To demonstrate this, we baked three batches of brownies, one sweetened with granulated sugar, one sweetened with brown sugar, and a third with brown sugar and corn syrup. Only the brownies made with granulated sugar took on an attractive sheen and a crackly crust.
Why? It’s all due to what might be deemed “special effects.” Whether on its own or in combination with corn syrup, brown sugar forms crystals on the surface of the cooling brownie. Crystals reflect light in a diffuse way, creating a matte effect. The pure sucrose in granulated sugar, on the other hand, forms a smooth, glasslike, noncrystalline surface as it cools that reflects light in a focused way, for a shiny effect. As for the crackly crust, its formation depends on sugar molecules rising to the surface of the batter and drying out during baking. Since both brown sugar and corn syrup contain more moisture than granulated sugar, the surface of brownies made with either of these sweetener never dries out enough for a crisp crust to form.
The brownie on the left was made with granulated sugar; the one on the right was made with brown sugar.
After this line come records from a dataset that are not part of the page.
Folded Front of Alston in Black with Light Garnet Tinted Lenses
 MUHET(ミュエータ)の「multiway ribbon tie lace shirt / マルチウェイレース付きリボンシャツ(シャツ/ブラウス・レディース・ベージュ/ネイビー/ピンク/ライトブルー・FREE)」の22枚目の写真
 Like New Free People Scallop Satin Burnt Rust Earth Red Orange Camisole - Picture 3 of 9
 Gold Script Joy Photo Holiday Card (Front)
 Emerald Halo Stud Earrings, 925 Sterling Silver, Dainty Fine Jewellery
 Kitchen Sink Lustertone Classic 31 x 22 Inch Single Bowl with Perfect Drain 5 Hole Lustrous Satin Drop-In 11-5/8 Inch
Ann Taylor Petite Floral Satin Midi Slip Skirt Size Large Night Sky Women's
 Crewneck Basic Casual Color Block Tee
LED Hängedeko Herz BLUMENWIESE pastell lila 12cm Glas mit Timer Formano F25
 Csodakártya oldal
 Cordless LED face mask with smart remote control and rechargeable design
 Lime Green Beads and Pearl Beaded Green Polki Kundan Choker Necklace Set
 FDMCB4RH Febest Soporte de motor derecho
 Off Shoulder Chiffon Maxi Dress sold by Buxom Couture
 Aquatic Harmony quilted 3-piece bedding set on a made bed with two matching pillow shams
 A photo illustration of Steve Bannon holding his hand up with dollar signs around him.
How to Make Chewy Brownies
The secret to a brownie's chewy texture boils down to one thing: fat—specifically the ratio of saturated to unsaturated fat. By using both butter (a predominantly saturated fat) and vegetable oil (an unsaturated fat) in approximately a 1:3 ratio, we are able to produce a satisfying chew in our brownies.
How to Make Ultra Chocolatey Brownies
When we want to pack a brownie with the most chocolate punch, we turn to cocoa powder: Ounce for ounce, cocoa powder has more cocoa solids—and thus more chocolate flavor—than any other type of chocolate. In fact, in order to equal the amount of chocolate solids in 1 ounce of cocoa powder, we had to use 1.63 ounces of unsweetened bar chocolate, or 3.8 ounces of bittersweet chocolate. That said, we never use cocoa powder alone in brownies; it's loaded with starch so it can make brownies too dry. But a combination of cocoa powder and bar chocolate adds up to a brownie with big chocolate flavor. (You’ll see that we often keep cocoa powder out of the equation in brownie recipes that have rich swirls or additions. Its potent chocolate flavor could overshadow the cream cheese or caramel that make these brownies distinct.)
Brownie Tips and Tricks
The Best Pans for Baking Brownies
Glass versus Metal
Our brownie recipes typically call for an 8-inch square or 9 by 13-inch metal baking pan rather than a glass baking dish. Can the two be used interchangeably? Yes and no. Yes, you can bake brownies in a glass baking dish, but we’ve found that the results are noticeably drier once cooled.
Why? Glass retains heat well—almost too well. Brownies baked in glass dishes continue to cook from residual heat held by the pan after it has been removed from the oven. In addition, glass baking dishes have rounded edges and corners, and we like the clean lines provided by a straight-sided metal baking pan for our brownies.
How to Know When Brownies Are Done
Overbaked brownies are dry and chalky and their chocolate flavor is diminished, so it’s important to know exactly when to take the pan out of the oven. Unfortunately, it can be hard to tell when chocolate baked goods are done: Since they're already dark brown the usual visual cues won't work. To determine doneness, insert a toothpick in the center of the brownies. If the brownies are perfectly baked, the toothpick should emerge with a few moist crumbs clinging to it. (If it comes out clean, the brownies are overbaked.)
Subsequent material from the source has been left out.